Zalando continua a dire non essere come le altre piattaforme e contesta la normativa Ue

Zalando, la più grande piattaforma di vendita online di capi d’abbigliamento e accessori in Europa, continua a non essere d’accordo con quanto concordato dai regolatori della Ue, che l’hanno assimilata ad Amazon e AliExpress, costringendola così a dover rispettare la normativa imposta dal Digital Services Act (DSA) alle piattaforme di grandi dimensioni (VLOP), ossia “che hanno più di 45 milioni di utenti al mese”. Un‘etichetta che Zalando ha oramai dal 2023, ma che continua a contestare con fermezza e decisione, criticando soprattutto la mancanza “di una metodologia chiara e coerente per valutare se una società è una VLOP”.

Oggi, a distanza di due anni, l’avvocato della società Robert Briske è tornato a contestare la decisione della Ue di fronte alla giura della Corte generale del Lussemburgo: “Amazon, AliExpress, Booking.
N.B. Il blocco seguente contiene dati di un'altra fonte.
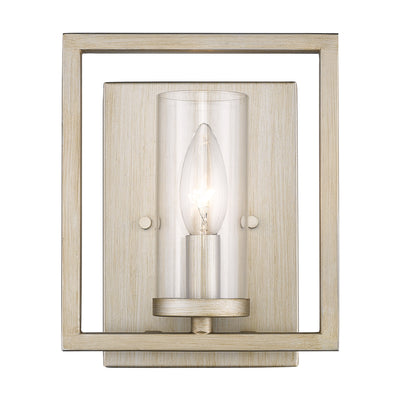 Golden Lighting Marco 1-light Wall Sconce in White Gold - - Golden Lighting
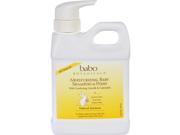 Babo Botanicals Baby Shampoo and Wash Moisturizing Oatmilk 16 oz Baby Bath and Shampoo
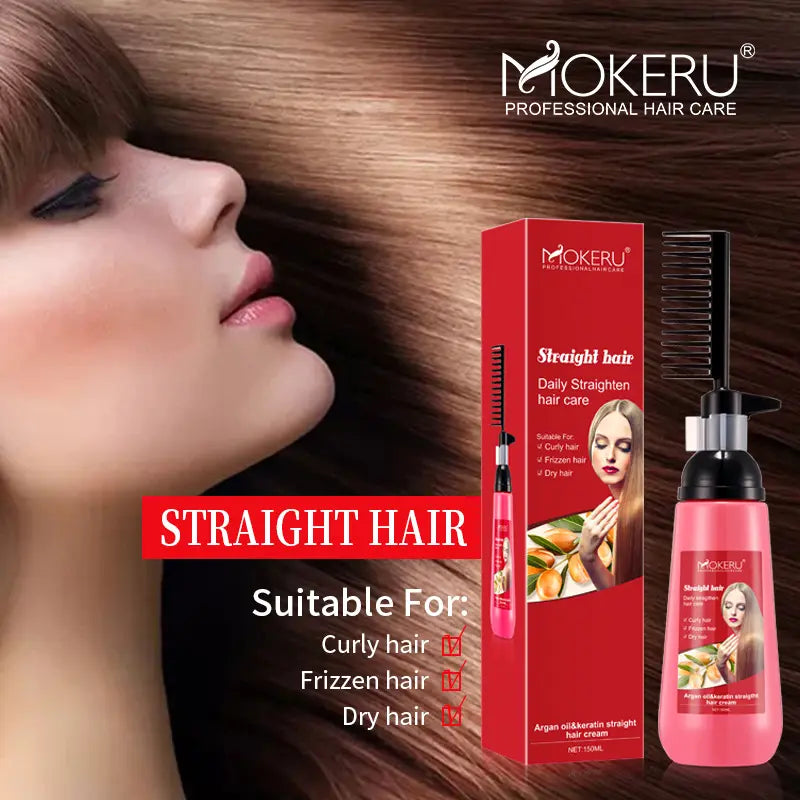 Mokeru Keratin Straight Hair Cream 150ml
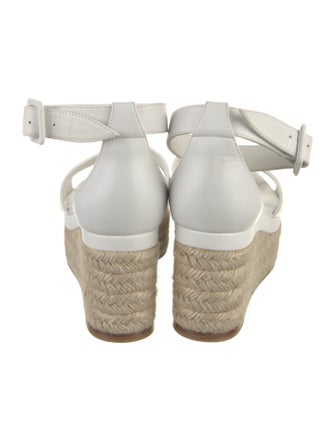 Hermès Elda Leather Espadrilles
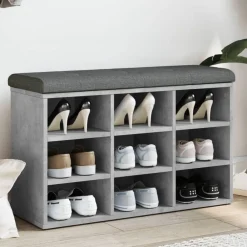 vidaXL Banc à chaussures 82x32x50 cm bois d'ingénierie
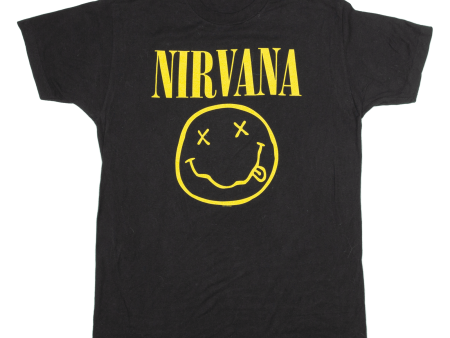 TULTEX Nirvana Mens Band T-Shirt Black L For Sale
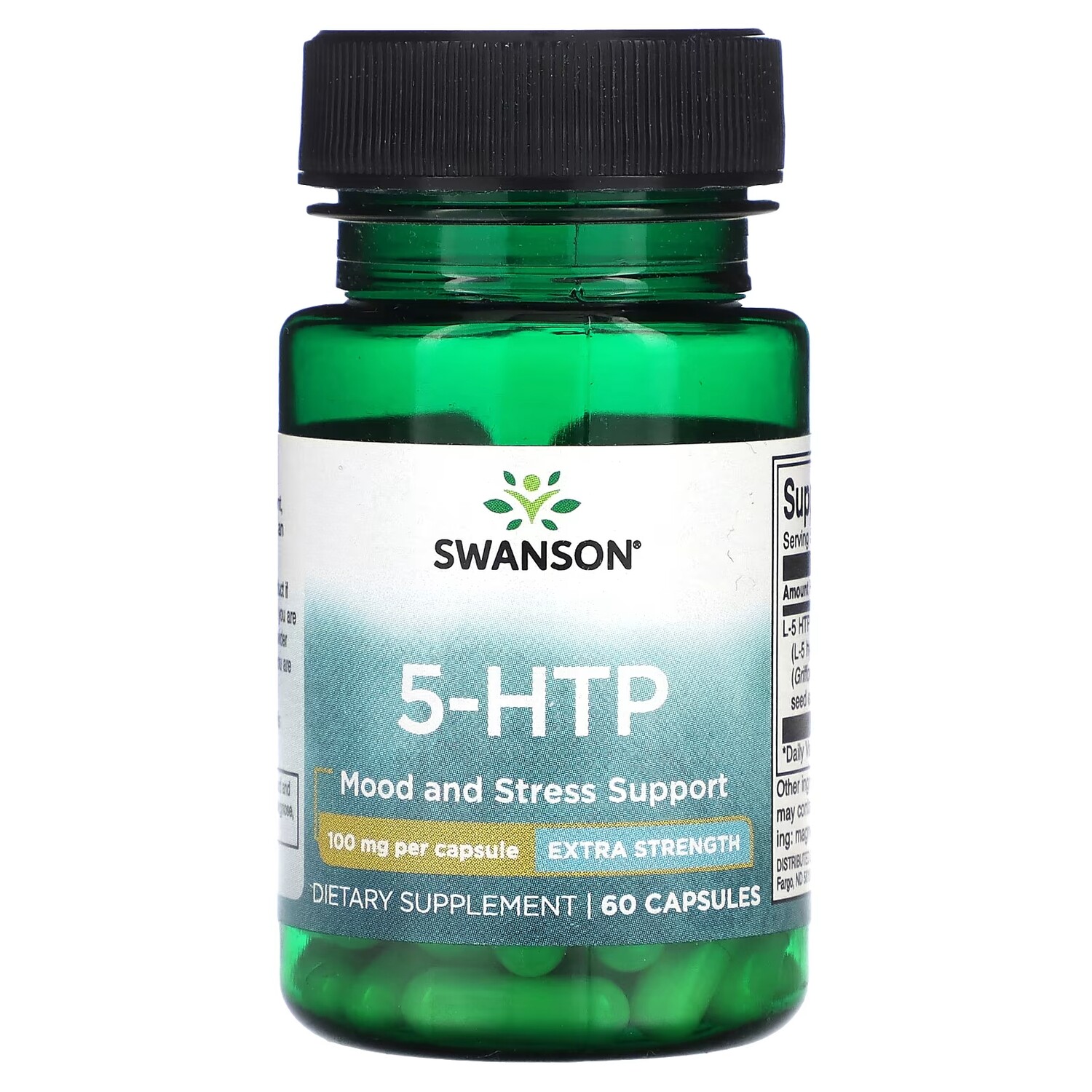 Добавка Swanson 5-HTP Extra Strength 100 мг, 60 капсул
Добавка Swanson 5-HTP Extra Strength 100 мг, 60 капсул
Zalando differisce fondamentalmente da questi (modelli di business). La Commissione europea non ha prestato sufficiente attenzione”. La stessa società, infatti, ha riferito di operare secondo un “modello di business ibrido”, che la vede impegnata sia nell’attività di vendita dei propri prodotti che in quella dei prodotti forniti dai partner. Nello specifico, secondo quanto sostenuto da Zalando, l’attività di vendita al dettaglio dei suoi prodotti – pari al 61% totale della sua attività – non rientrerebbe nell’ambito di applicazione del DSA.
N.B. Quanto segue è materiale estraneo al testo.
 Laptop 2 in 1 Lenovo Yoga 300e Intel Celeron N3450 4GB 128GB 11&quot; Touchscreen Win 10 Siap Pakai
Un’affermazione già smentita dalla Commissione, che ha dichiarato che è impossibile sapere se uno specifico utente di Zalando sia “esposto a prodotti provenienti dalla propria attività di vendita al dettaglio o da commercianti terzi che utilizzano il suo servizio di intermediazione, poiché entrambi i tipi di prodotti sono visualizzati in modo indistinto sull’interfaccia online di Zalando”. Inoltre, come ha ribadito oggi l’avvocato Briske, il conteggio degli utenti attivi di Zalando da parte della Commissione sarebbe scorretto. Nel 2023, anno in cui la piattaforma è stata etichettata come VLOP, il sito avrebbe raggiunto 30,8 milioni di visitatori: una cifra decisamente inferiore agli 83 milioni segnalati dai regolatori della Ue. Se così fosse, allora la piattaforma di shopping online non sarebbe soggetta alle rigide regole del DSA europeo.
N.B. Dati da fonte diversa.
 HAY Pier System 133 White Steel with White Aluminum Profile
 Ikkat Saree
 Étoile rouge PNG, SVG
E non finisce qui. Zalando ha anche chiarito che la sua piattaforma non c’entra nulla con la diffusione di contenuti dannosi o illegali, che le normative del DSA cercano di limitare il più possibile per garantire la sicurezza degli utenti. Un recente rapporto di trasparenza condiviso dalla società, riferito agli sforzi di moderazione dei contenuti tra aprile e settembre 2024, ha rivelato che la piattaforma ha ricevuto 731 segnalazioni relative a contenuti potenzialmente dannosi, e “111 di questi” sono stati rimossi dalla piattaforma. Insomma, la piattaforma sembrerebbe avere dalla sua più di una motivazione per non voler rispettare le normative europee. Se questo sarà possibile o meno, però, lo deciderà la Corte Generale nei prossimi mesi.

Se la giuria dovesse schierarsi dalla parte di Zalando, il caso rappresenterebbe una svolta importante per le piattaforme con modelli di business simili, così pure per quelle che hanno già presentato ricorso per la loro designazione come VLOP, tra cui vale la pena nominare Amazon e i siti porno Pornhub, Stripchat e Xvideos.